## WHAT IS BEING ASKED
Please copy the entries below word for word, leaving out any image.

***

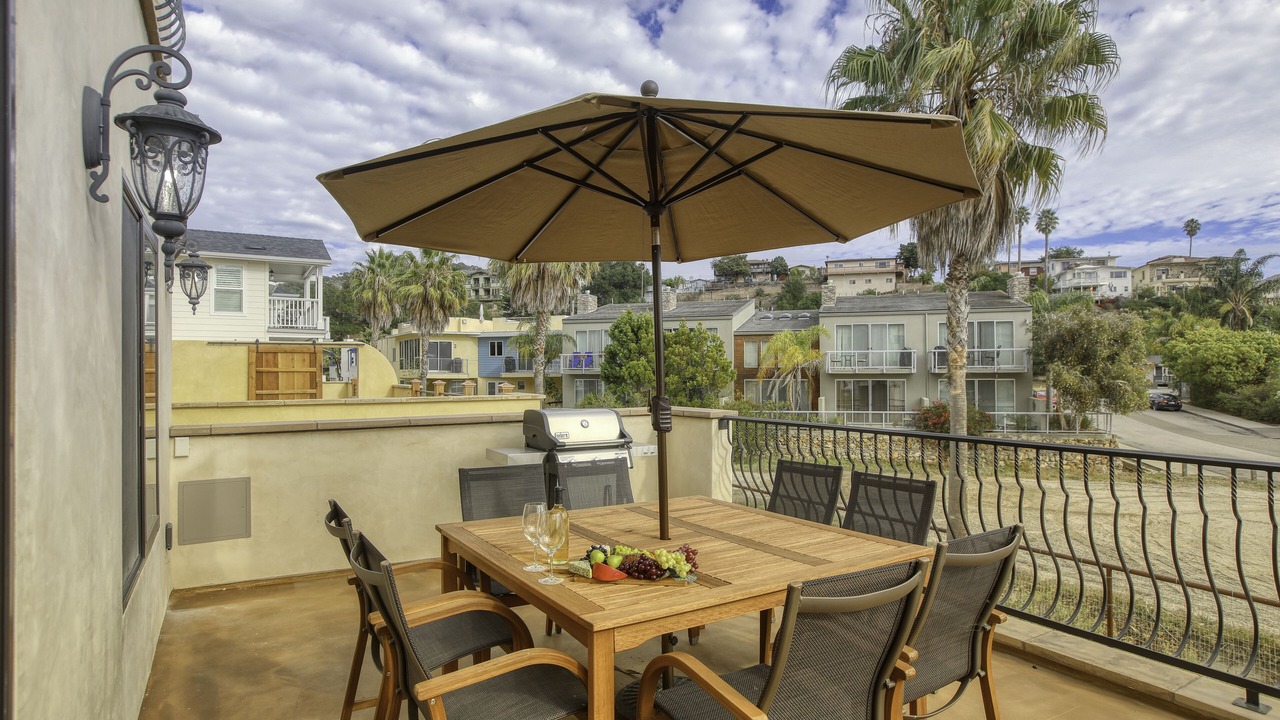 Photo of Bedroom in Avila Beach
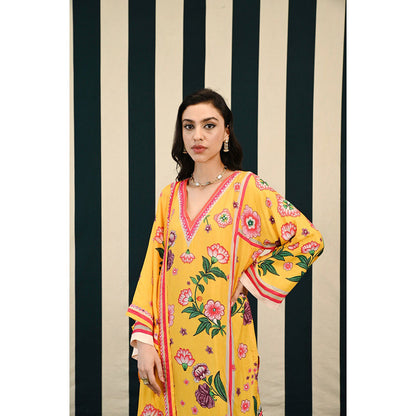 Swati Vijaivargie Gulmohar Jhumki Kurta & Pant with Stole (Set of 3)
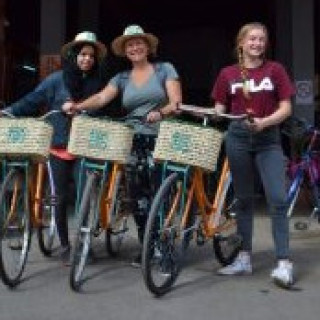 Afbeelding voor Riksja Family - Fietsen en lokaal project steunen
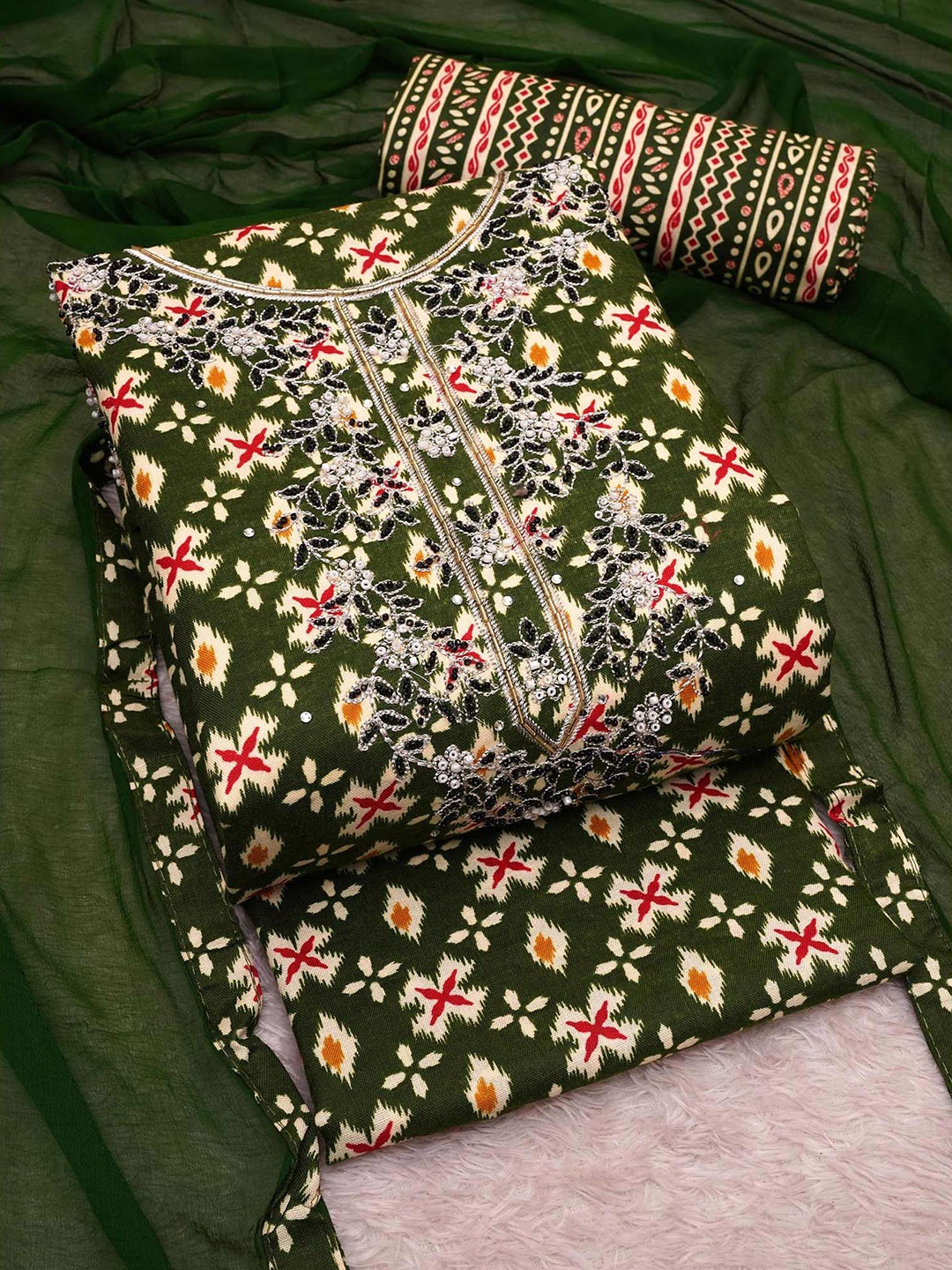 

Peachmode Floral Printed Beads and Stones Unstitched Dress Material, Green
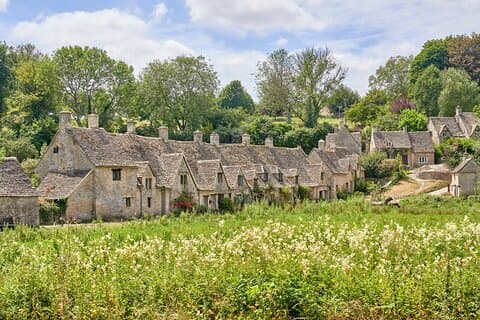 Pivate Tour of The Cotswolds and Clarksons Farm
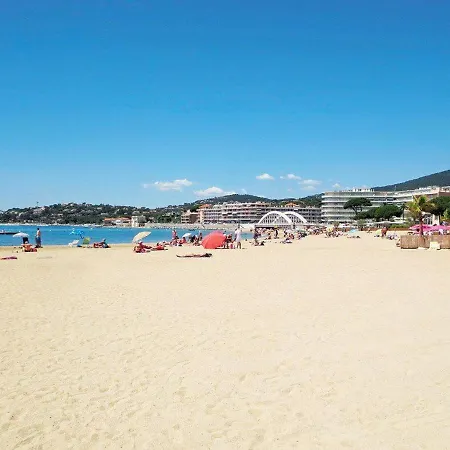 Sainte-maxime: 2 Pieces Renove Avec Terrasse, Climatisation Et A 2 Pas De La - Fr-1-226-498 Sainte-Maxime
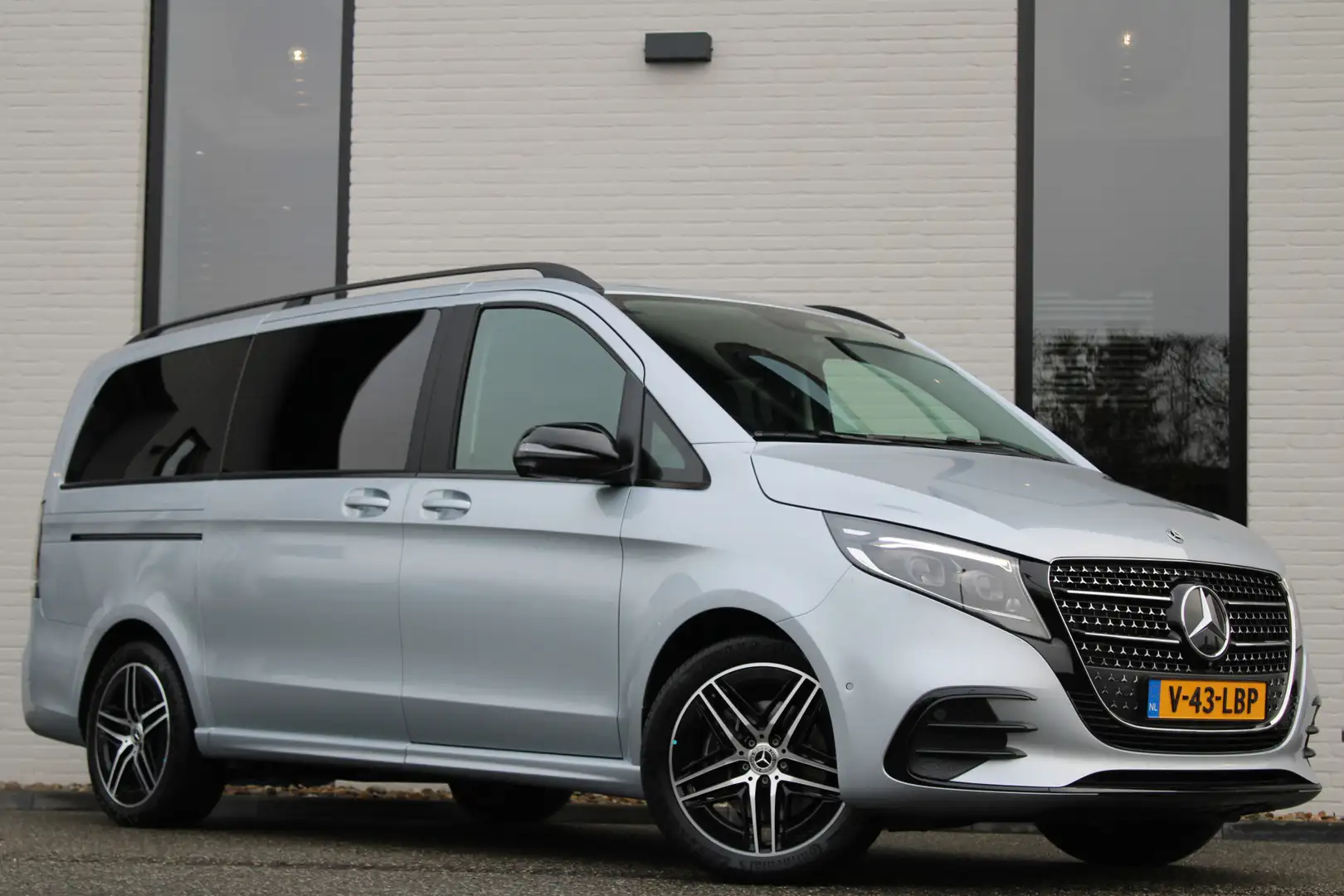 Mercedes-Benz V 300 300d / BPM VRIJ / DC / AMG / New Model / 4-Matic / Grigio - 1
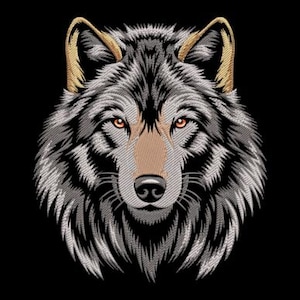 Puede incluir: Cabeza de lobo bordada con pelaje gris y blanco detallado, ojos ámbar y nariz marrón. Las orejas del lobo tienen detalles dorados. La imagen está sobre un fondo negro sólido, creando un contraste llamativo.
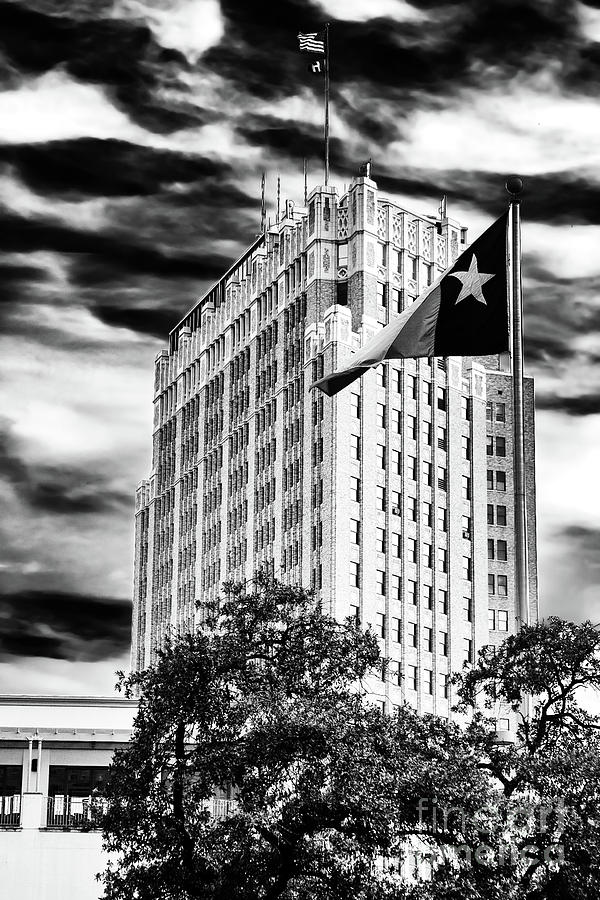 Lone Star State in San Antonio Photograph by John Rizzuto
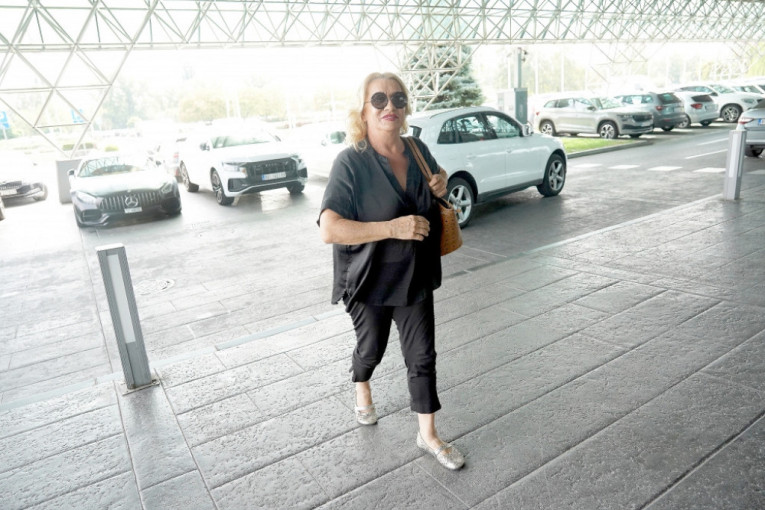 Vesna Zmijanac se oporavlja nakon ozbiljne operacije srca: Pevačici pauza teško pala, pa je požurila da se vrati na scenu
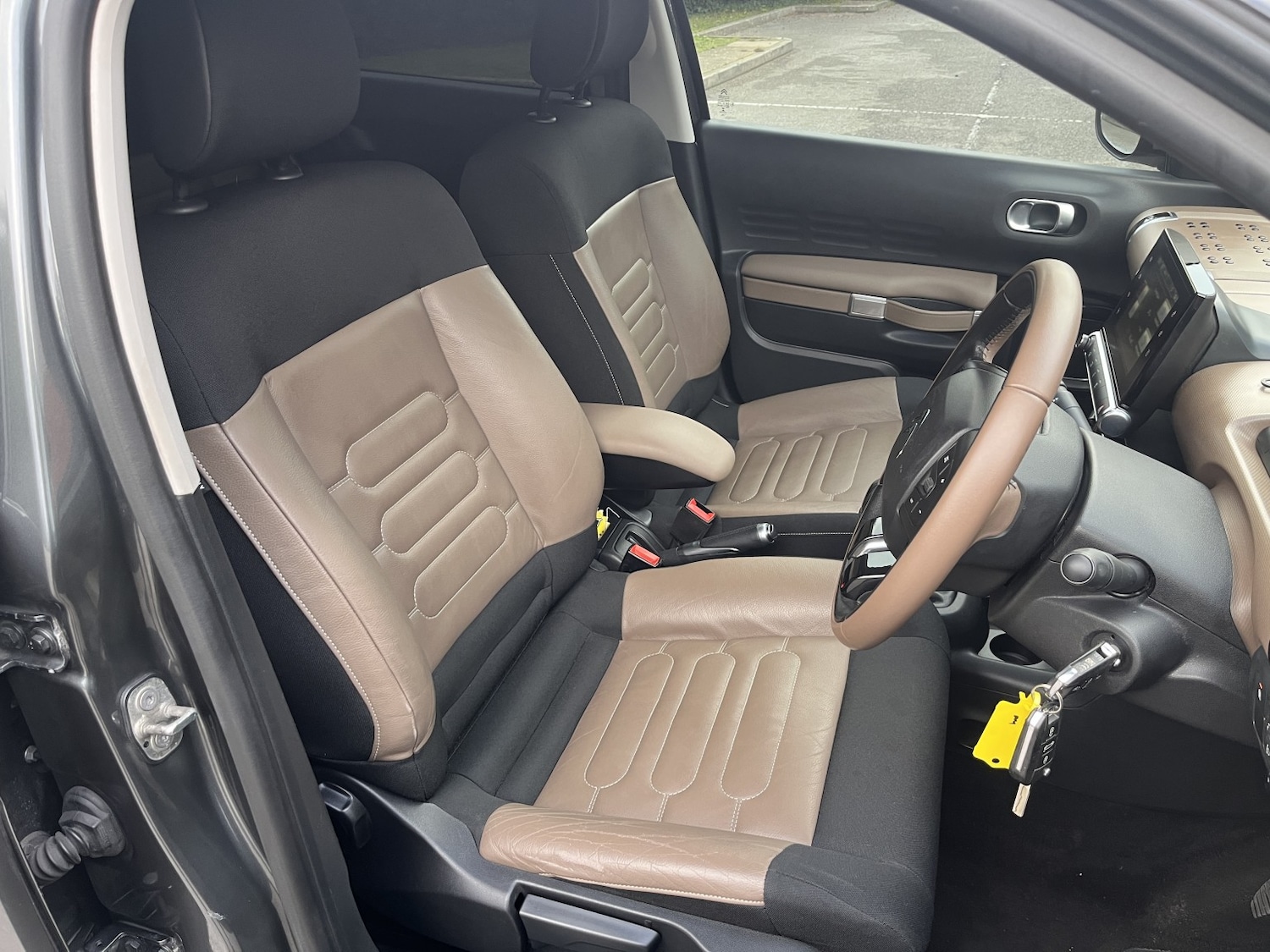 Used Citroen C4 Cactus 2015 for sale - 76070487: Photo 10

***

## SOLUTION TO THE PROBLEM
 Photo of Bedroom in Avila Beach
 Swati Vijaivargie Gulmohar Jhumki Kurta & Pant with Stole (Set of 3)
 Afbeelding voor Riksja Family - Fietsen en lokaal project steunen

Peachmode Floral Printed Beads and Stones Unstitched Dress Material, Green
 Pivate Tour of The Cotswolds and Clarksons Farm
 Sainte-maxime: 2 Pieces Renove Avec Terrasse, Climatisation Et A 2 Pas De La - Fr-1-226-498 Sainte-Maxime
 Mercedes-Benz V 300 300d / BPM VRIJ / DC / AMG / New Model / 4-Matic / Grigio - 1
 Puede incluir: Cabeza de lobo bordada con pelaje gris y blanco detallado, ojos ámbar y nariz marrón. Las orejas del lobo tienen detalles dorados. La imagen está sobre un fondo negro sólido, creando un contraste llamativo.
 Lone Star State in San Antonio Photograph by John Rizzuto
 Vesna Zmijanac se oporavlja nakon ozbiljne operacije srca: Pevačici pauza teško pala, pa je požurila da se vrati na scenu
 Used Citroen C4 Cactus 2015 for sale - 76070487: Photo 10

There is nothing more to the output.